### [What you are asked to do]
Would you pull out every line of the material that contains the string "dark"?

### [Working data]
# # #

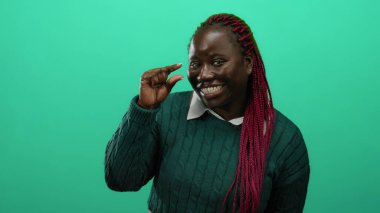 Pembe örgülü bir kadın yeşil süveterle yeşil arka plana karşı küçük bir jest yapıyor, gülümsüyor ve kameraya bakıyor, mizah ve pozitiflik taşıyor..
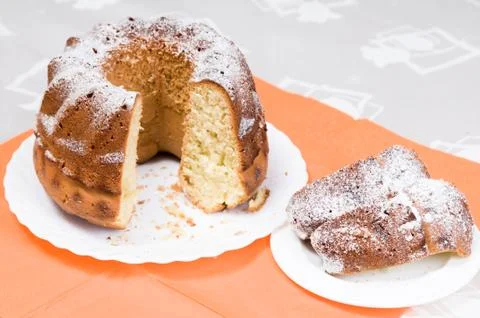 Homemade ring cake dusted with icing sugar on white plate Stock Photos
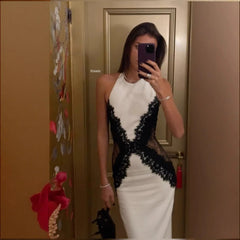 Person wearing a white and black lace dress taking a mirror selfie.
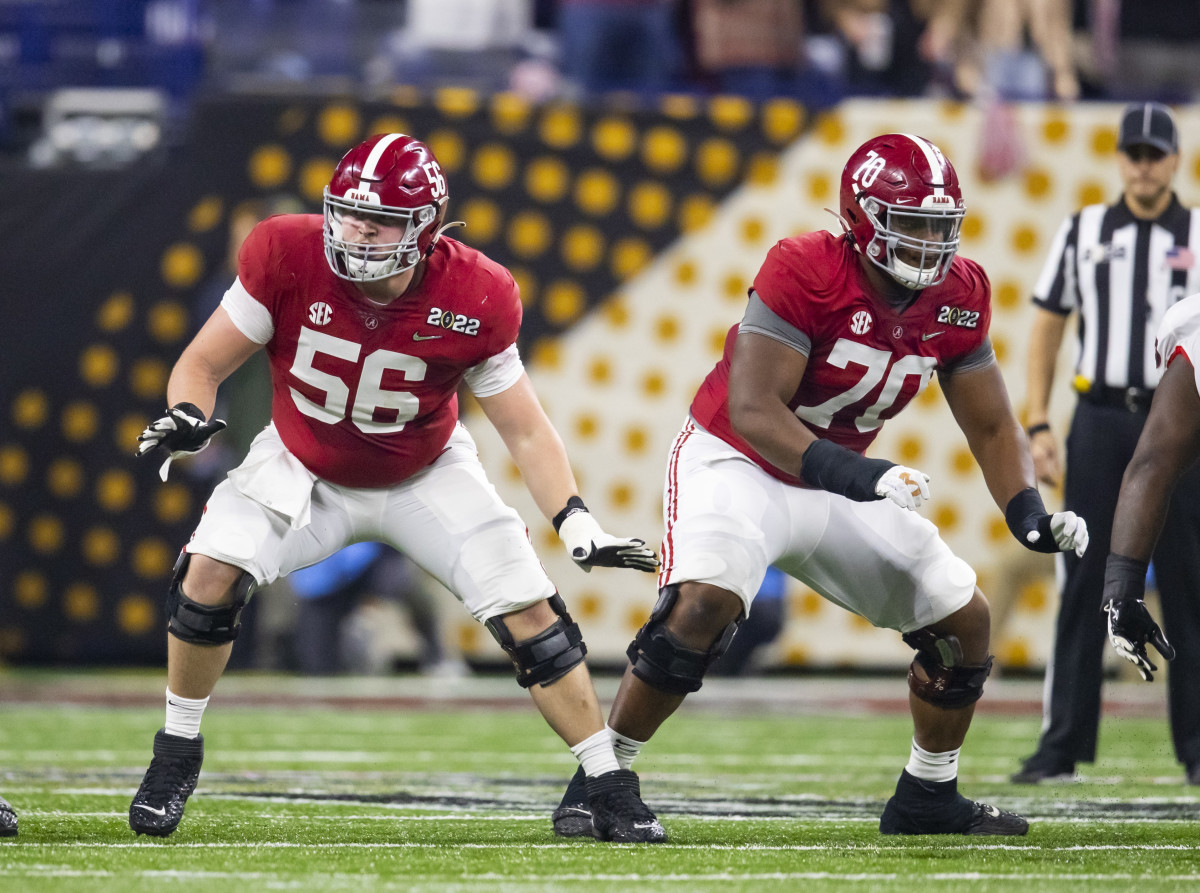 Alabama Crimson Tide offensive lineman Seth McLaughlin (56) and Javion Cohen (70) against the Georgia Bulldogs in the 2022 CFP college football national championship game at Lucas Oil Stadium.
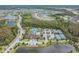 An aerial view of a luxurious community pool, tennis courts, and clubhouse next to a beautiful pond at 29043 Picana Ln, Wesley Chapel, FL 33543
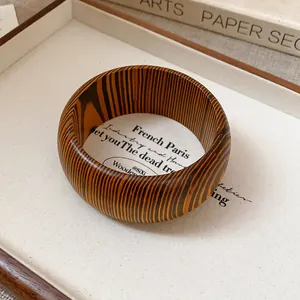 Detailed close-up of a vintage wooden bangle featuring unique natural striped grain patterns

# # #

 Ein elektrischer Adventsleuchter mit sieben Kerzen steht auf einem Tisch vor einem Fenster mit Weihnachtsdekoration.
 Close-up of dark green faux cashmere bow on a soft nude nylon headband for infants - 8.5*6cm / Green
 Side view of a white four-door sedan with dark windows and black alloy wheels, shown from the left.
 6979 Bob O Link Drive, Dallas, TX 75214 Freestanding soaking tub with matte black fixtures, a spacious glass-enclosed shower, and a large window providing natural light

# # #

### [Output of the task]
 Close-up of dark green faux cashmere bow on a soft nude nylon headband for infants - 8.5*6cm / Green
 Side view of a white four-door sedan with dark windows and black alloy wheels, shown from the left.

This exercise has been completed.